House Speaker John Boehner and Majority Leader Eric Cantor are lobbying their caucus to back a spending-bill strategy that would force the Democratic-led Senate to vote on defunding President Barack Obama’s health-care law.
A number of House Republicans oppose the plan because it would allow for passage of a spending bill even if the Senate voted to keep funds for the Affordable Care Act. Those members insist on ending funds for the law.
“There’s a bit of work that needs to be done,” Ohio Republican Steve Chabot said in an interview. He said Republican leaders notified members about the delay today. The vote had been set for tomorrow.
Many Republicans are calling for reductions in entitlement programs and an end to funding for the health-care law in exchange for the spending measure and raising the debt ceiling. Funding for the federal government runs out when the fiscal year ends Sept. 30. The U.S. will reach its debt limit as early as mid-October.
Also today, a Senate Democratic aide said leaders in that party plan to tell Republicans they won’t accept added conditions to the stopgap government-funding bill or an increase in the U.S. debt limit.
Leaders’ Meeting
Senate Majority Leader Harry Reid, a Nevada Democrat, at a meeting tomorrow with Boehner and other top congressional leaders will tell Republicans that Democrats would agree to a measure that keeps current spending cuts, said the aide. The aide sought anonymity because the plans weren’t public.
House Democrats said they would oppose the Republican effort to force a Senate vote on the health-care law. Dick Durbin of Illinois, the second-ranking Senate Democrat, dismissed the Republican strategy, calling it “clearly a non-starter in the Senate.”
If the plan fails, the risk of a federal government shutdown increases and Republicans’ leverage in talks to raise the nation’s debt ceiling weakens.
“You know how we stumbled into World War I?” Representative Gerald Connolly, a Virginia Democrat, said in an interview yesterday. “I don’t think there is any design to have a government shutdown, but I think right now Cantor and company risk stumbling into a government shutdown.”
‘Stop Obamacare’
Boehner, an Ohio Republican, said earlier this week his goal was to “cut spending and to stop Obamacare,” not to shut down the government.

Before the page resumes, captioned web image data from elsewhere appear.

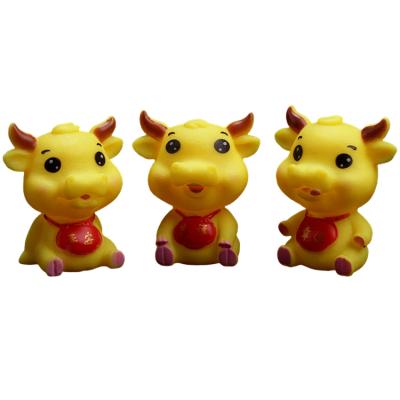 China 3 year+ factory direct sale three kinds of yellow lucky and auspicious cow cake decoration for sale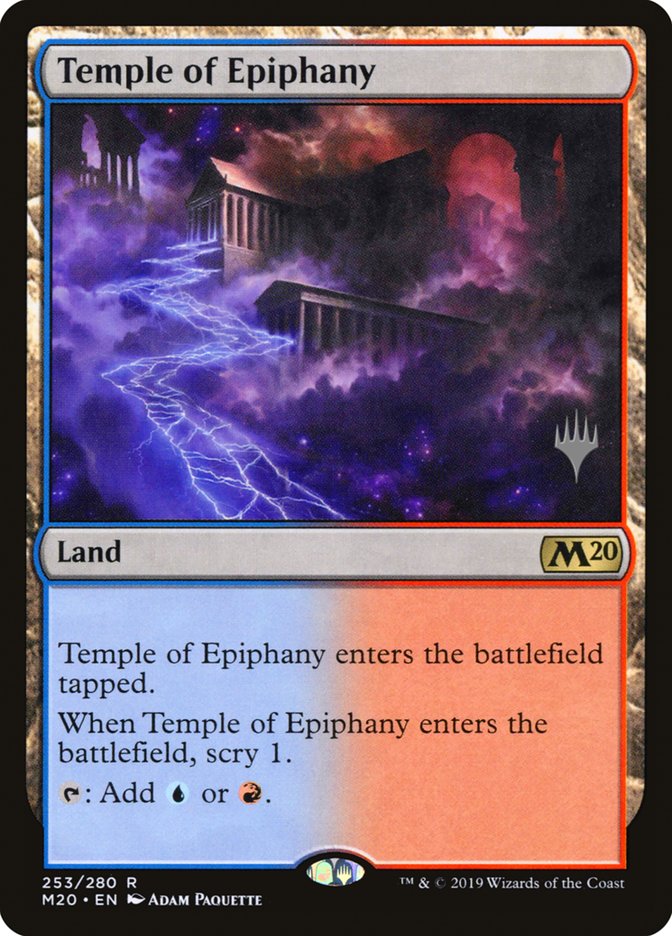 Temple of Epiphany (Promo Pack) [Core Set 2020 Promos] | Rock City Comics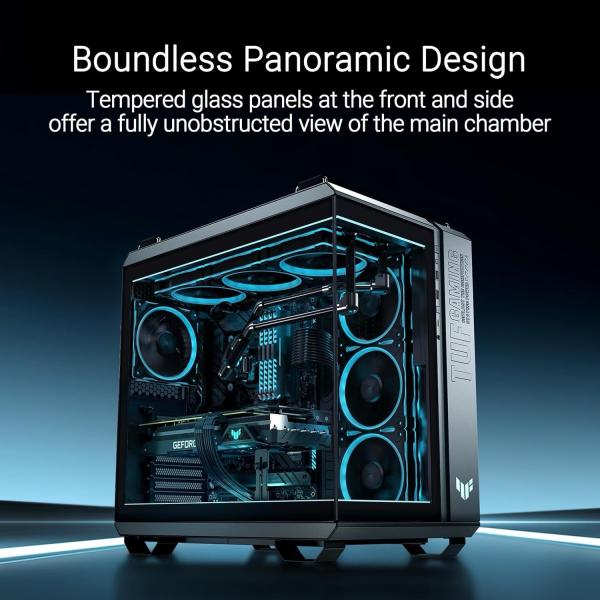 High End Gaming | ASUS TUF Gaming GT502 | Ryzen 7 9850X3D | RTX5070Ti | 32GB | 2TB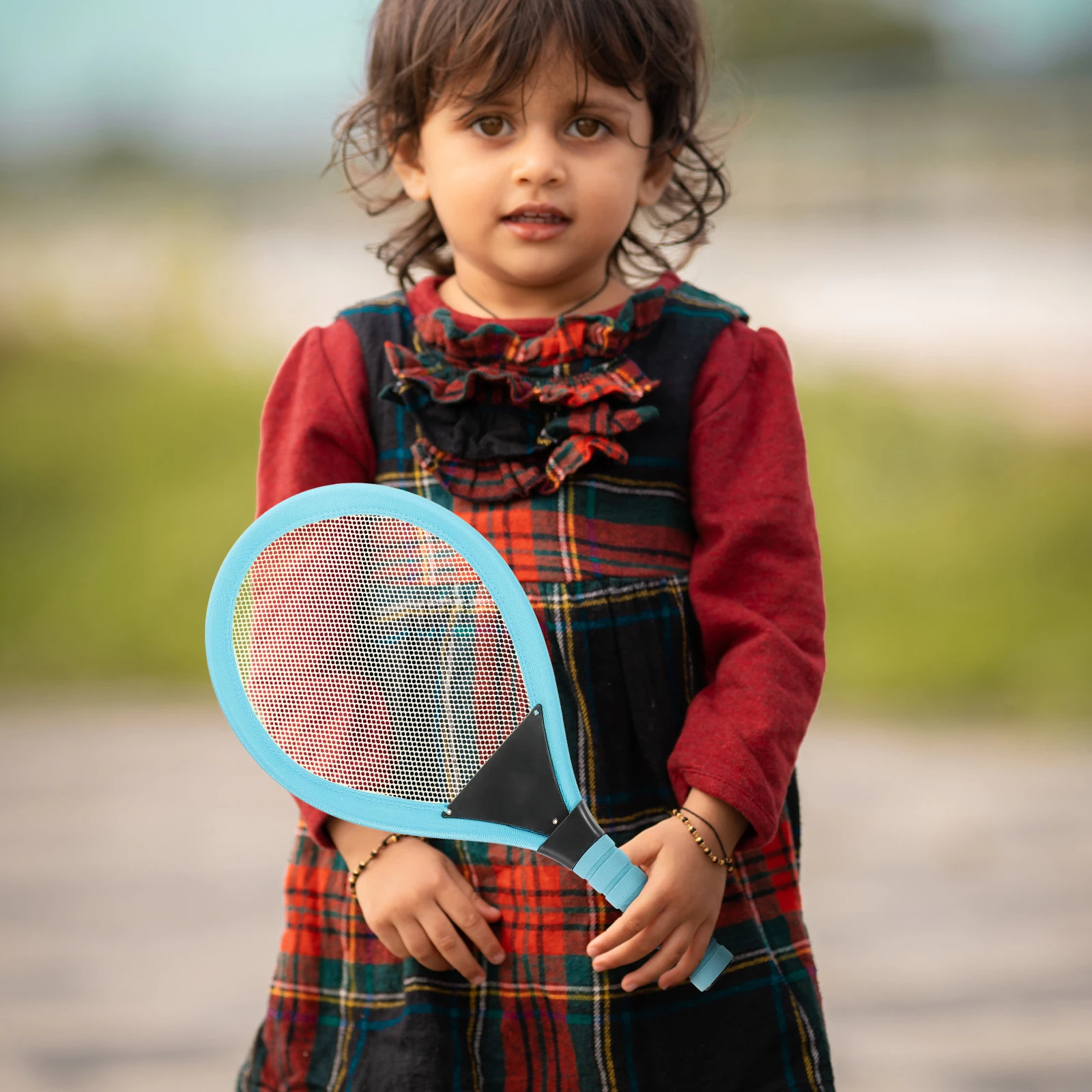 

Набор теннисных ракеток, детские игрушки, мягкая ручка, прочная сетка, детские спортивные мячи для занятий спортом на открытом воздухе в помещении, ракетка для координации и реакции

The House has voted 40 times to repeal, delay or defund all or part of the health-care law. The Senate has refused to take up almost all of those measures. The 2010 health-care law, upheld last year by the U.S. Supreme Court, is designed to expand coverage to at least 30 million people.
Reid and Boehner plan to meet tomorrow with House Minority Leader Nancy Pelosi, a California Democrat, and Senate Minority Leader Mitch McConnell, a Kentucky Republican, to discuss government financing and the debt ceiling.